Nonostante la rottura tra le confederazioni dopo l’accordo di San Valentino e il referendum, alla Om i rapporti con la Fiom proseguirono positivamente. Bisogna tenere anche presente che abbiamo avuto piazza della Loggia, fatti traumatici che ci hanno unito. Inoltre, alla Om è passato un po’ il meglio della Fiom, stavano in azienda per alcuni anni e poi uscivano, per cui noi conoscevamo un po’ tutta la dirigenza nazionale. I rapporti erano cordiali.
Però abbiamo fatto anche grosse battaglie in contrasto con la Fiom. Quando c’è stato il grande scontro con la Fiat, che si è concluso con la marcia dei 40mila a Torino, e a Torino hanno bloccato i cancelli a lungo, c’era qualcuno che voleva che si facesse la stessa cosa anche a Brescia. Noi abbiamo scelto di fare non più di quattro ore di sciopero alla settimana. Una forma di lotta agile e che ci ha salvaguardati, mentre la Fiom spingeva inasprire gli scioperi. Sono stati scontri a non finire.

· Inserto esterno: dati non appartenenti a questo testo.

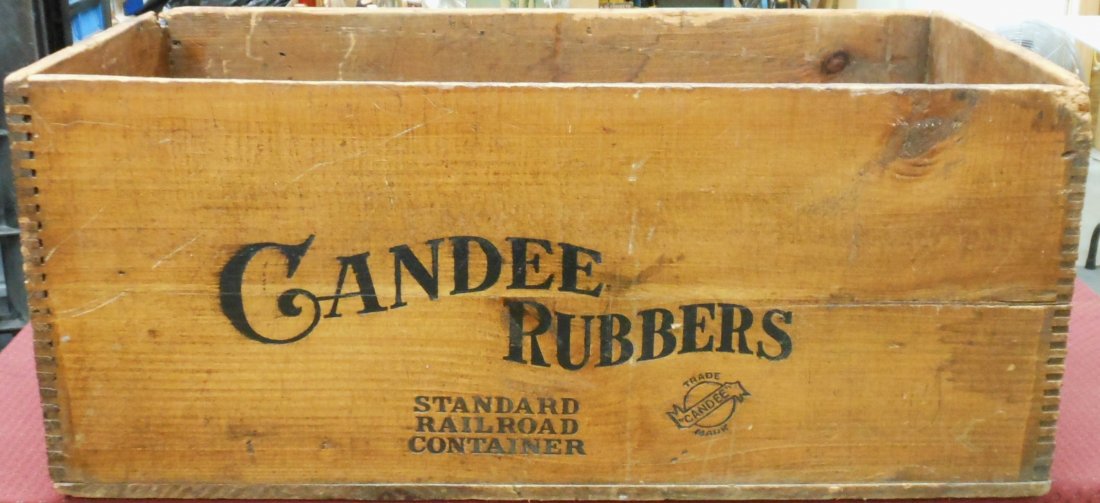 Antique Candee Rubbers Wood Shipping Crate: 123 1/2" tall X 29 1/4" long X 15 1/2" wide, Candee Rubber Co. New Haven Conn. large wood shipping display crate / box with finger joints, sides are marked: Candee Rubbers Standard Railroad Container,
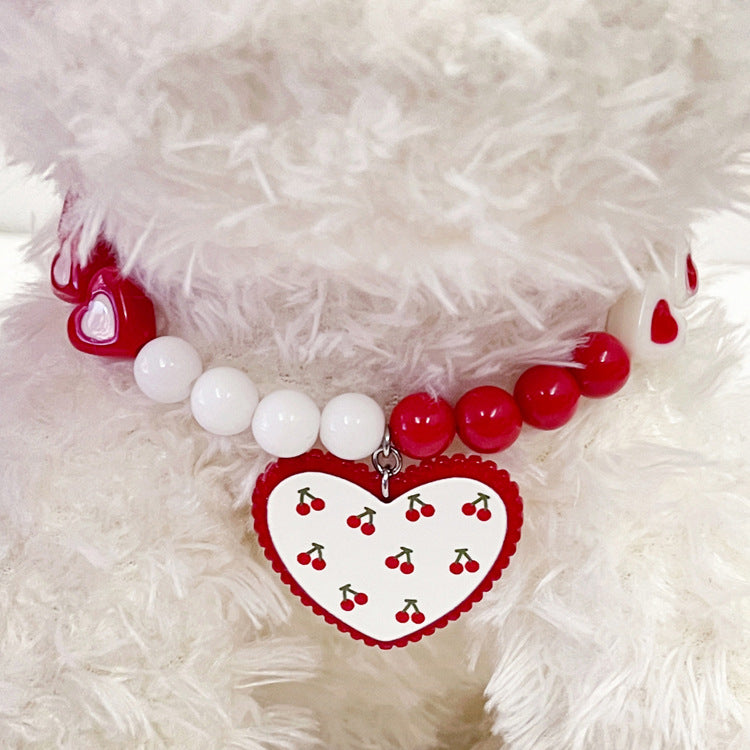 KFX-8779709 Flower Pattern Red Heart Bead Dog Collar in S, M, L Sizes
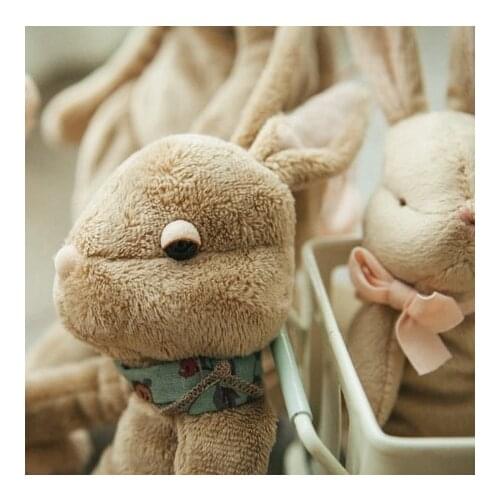 1 PC 40cm Sleepy Rabbit Plush Toys with Scarf Stuffed Animals for Easter Decorations Wild Bunny Cartoon Movice character Bunny
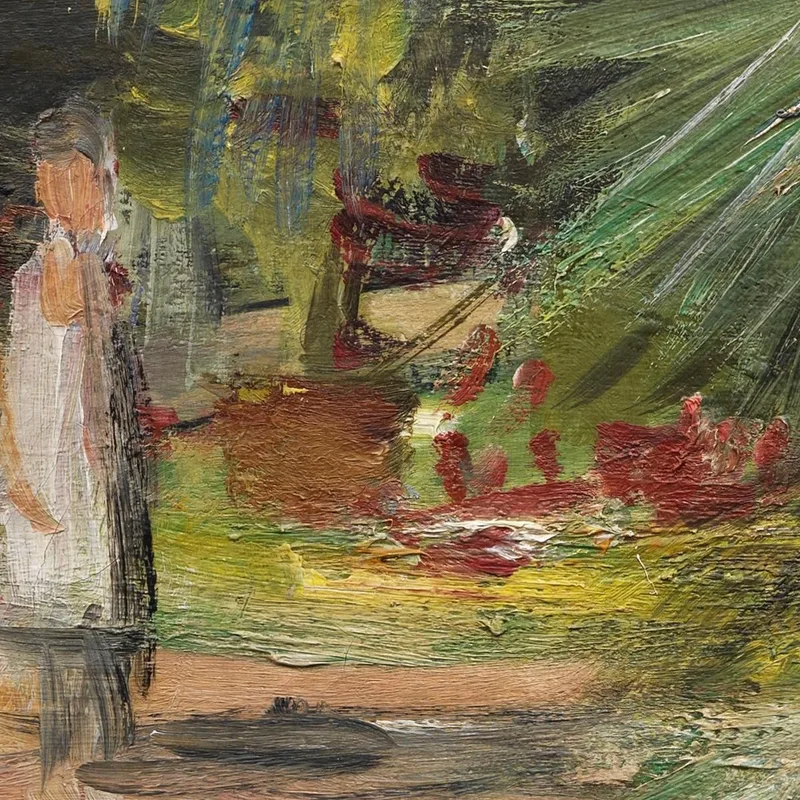 Garden With Palm And Two Female Figures Max Liebermann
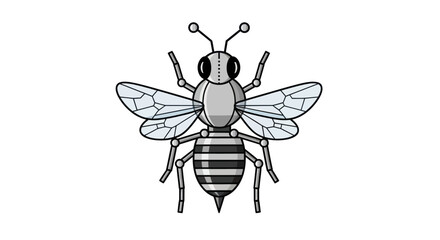 Stylized Mechanical Bee Illustration, Grey and Black Design.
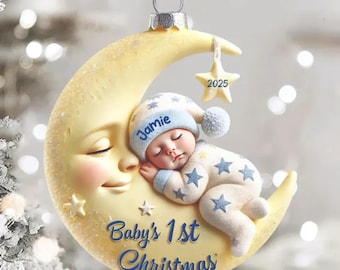 Personalisiertes Baby auf Mond Baby Erstes Weihnachtsgeschenk personalisierte 2D Acryl Ornament.Mond Acryl Andenken, Weihnachtsgeschenk 2025 für Neugeborene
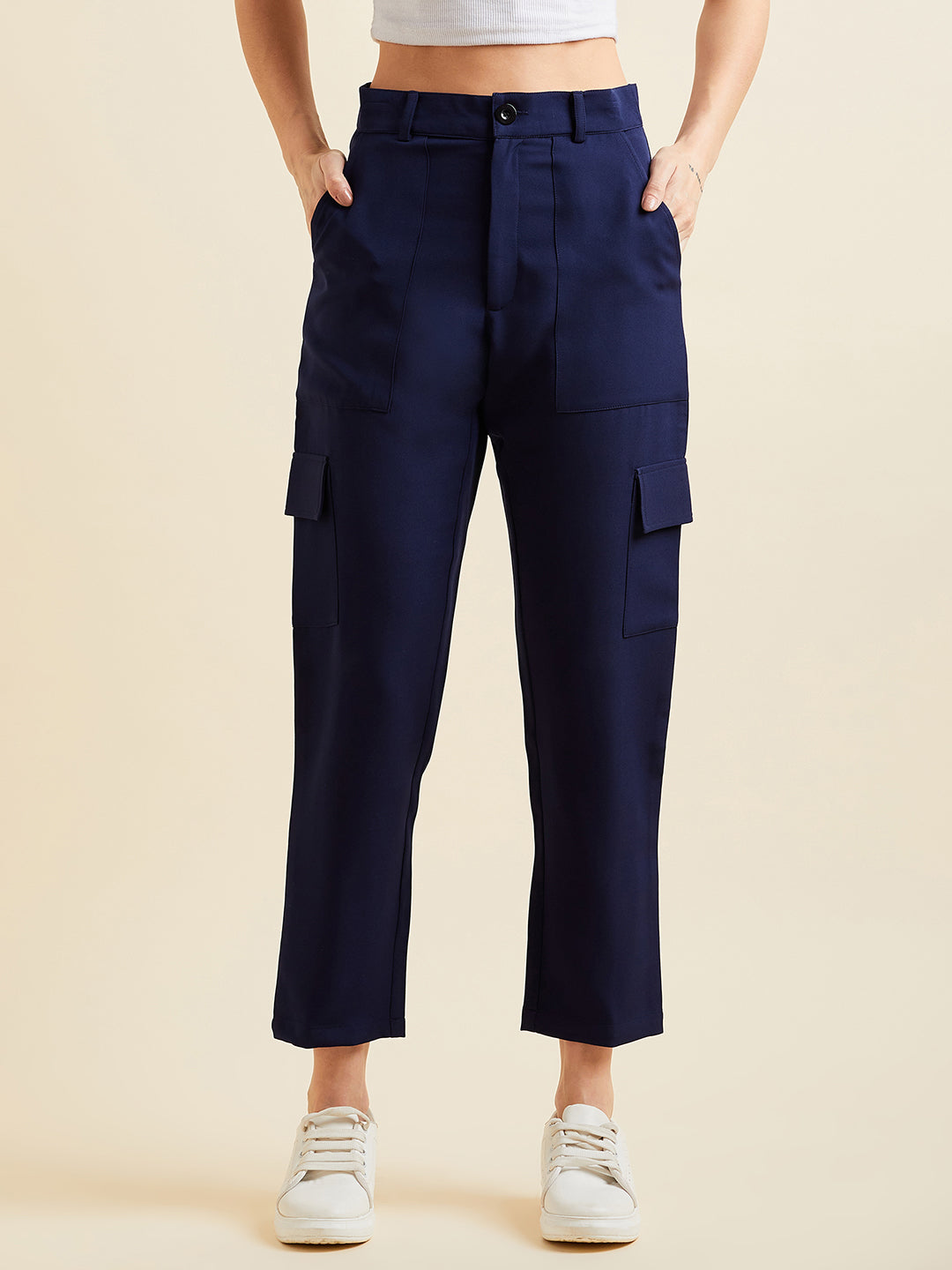 Navy Blue Smart Slim Fit Wrinkle Free Cigarette Trousers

Avevamo dei rapporti culturali con alcune riviste dell’area cattolica - noi pubblicavamo Appunti – e prima che partisse la battaglia con la Fiat ci siamo detti che era utile andare a parlare con Prodi, che aveva costituito una commissione sull’automobile e di cui in una occasione avevo conosciuto la moglie. Così, prima di iniziare la vertenza siamo andati a trovarlo io, Gaffurini, Paletti e un altro. Lui ci disse: guardate che la Fiat sta lasciando la Spagna, dove ha abbandonato la Seat, è un momento in cui non ha bisogno di produrre, guardate che fate un buco nell’acqua.
Sulla scorta anche di queste considerazioni noi in Om abbiamo fatto uno scontro violento con la Fiom per evitare di fare l’errore che poi è stato fatto a Torino.

Anche mia moglie era impegnata sindacalmente, membro di commissione interna, i figli sono cresciuti e io quasi non me ne sono accorto, tutto era sulle spalle della moglie che però non me lo ha mai rinfacciato. Certo non mancano gli episodi: la sera io tornavo tardi e a letto tenevo la luce accesa per leggere. Una sera mi sono trovato sul letto un foglio con su scritto “sono stufa”. Mi sono sposato nel ’69, nel pieno delle battaglie sindacali.
Il giorno dell’attentato di Piazza della loggia ero alla manifestazione, nel mezzo della piazza. Sono seguiti momenti e giorni di grande tensione. Le famiglie a casa erano preoccupate, volevano sapere dove ci trovavamo, come stavamo. C’era gente che voleva andare a bruciare la sede del Movimento sociale. Seguirono grandi mobilitazioni.

Eravamo parte della cultura cattolico democratica, con molti collegamenti, con rapporti con il meglio di questa cultura. Facevamo ogni anno un importante convegno.

Per un po’ di anni dopo essere andato in pensione mi sono dedicato al lavoro con gli extracomunitari, ora faccio solo il nonno. Abbiamo creato i primi centri di accoglienza inizialmente con gli albanesi, poi con gli altri.               
Sono stato segretario del comitato cittadino della Dc a Brescia.
Sono profondamente preoccupato anche oggi per la burocratizzazione del sindacato.
I primi momenti di formazione li abbiamo fatti con Baglioni, un lavoro di formazione importante proposto dalla Cisl.